This distinction is becoming clearer in my mind when solving musical theater and opera problems. I ask myself, is the solution dramatic or musical?
When I’m faced with a phrasing problem, is the answer dramatic or musical? When I’m faced with a problem of motivating a movement onstage, is that a dramatic or musical problem? When I’m singing out of tune, or my rhythm isn’t right, is that a dramatic or a musical problem?
I think the answers to those are easy, but let’s make it harder. How do I make this phrase more impactful to the audience? With a dramatic or a musical choice? When I’m singing with a group, and we in concert must create an atmosphere, is that a dramatic or musical problem? When the scene isn’t quite working, are stronger dramatic or musical choices required?

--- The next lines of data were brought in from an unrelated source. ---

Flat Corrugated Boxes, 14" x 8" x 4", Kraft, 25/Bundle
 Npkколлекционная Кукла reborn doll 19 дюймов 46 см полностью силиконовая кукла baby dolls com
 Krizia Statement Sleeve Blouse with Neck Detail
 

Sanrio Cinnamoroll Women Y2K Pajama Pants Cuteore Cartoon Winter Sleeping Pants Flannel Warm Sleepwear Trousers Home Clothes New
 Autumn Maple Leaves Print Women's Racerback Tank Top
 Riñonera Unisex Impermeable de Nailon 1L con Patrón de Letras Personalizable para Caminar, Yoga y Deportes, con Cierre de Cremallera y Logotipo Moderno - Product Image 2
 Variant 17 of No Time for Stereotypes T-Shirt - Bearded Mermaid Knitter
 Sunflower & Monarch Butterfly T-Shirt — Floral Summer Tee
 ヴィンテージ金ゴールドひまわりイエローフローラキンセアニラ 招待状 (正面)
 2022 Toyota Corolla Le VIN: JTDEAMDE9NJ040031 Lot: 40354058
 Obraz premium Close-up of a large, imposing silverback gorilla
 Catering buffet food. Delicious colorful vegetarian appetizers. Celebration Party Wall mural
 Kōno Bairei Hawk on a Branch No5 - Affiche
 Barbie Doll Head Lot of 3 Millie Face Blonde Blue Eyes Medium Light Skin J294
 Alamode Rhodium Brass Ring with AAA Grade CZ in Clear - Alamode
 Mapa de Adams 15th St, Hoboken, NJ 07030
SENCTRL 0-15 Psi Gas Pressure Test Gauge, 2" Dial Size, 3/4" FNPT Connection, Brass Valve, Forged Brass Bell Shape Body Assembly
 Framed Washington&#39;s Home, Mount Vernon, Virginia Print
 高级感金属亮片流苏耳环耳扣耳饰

Dramatic choices come from our humanity. They come from our emotional core. They are the primal scream. They are the first love. They are the wound that gnaws. They are our charms.
Musical choices are abstract. They exist within the aspects of music (melody, harmony, rhythm, timbre, dynamics). What exactly they represent is still unclear, and yet they can move us. They require mechanical precision to create an abstract and musical result.
Everything musical theater exists within a tug of war between these two poles, and different pieces and characters will be balanced differently. Mama Rose? Balanced towards dramatic. Madama Butterfly? Balanced towards musical.
Even in recital, you have dramatic and musical choice. Ignore either at your peril.
Ask yourself when stuck creatively if the next step requires bolder dramatic or musical choices, and then make them.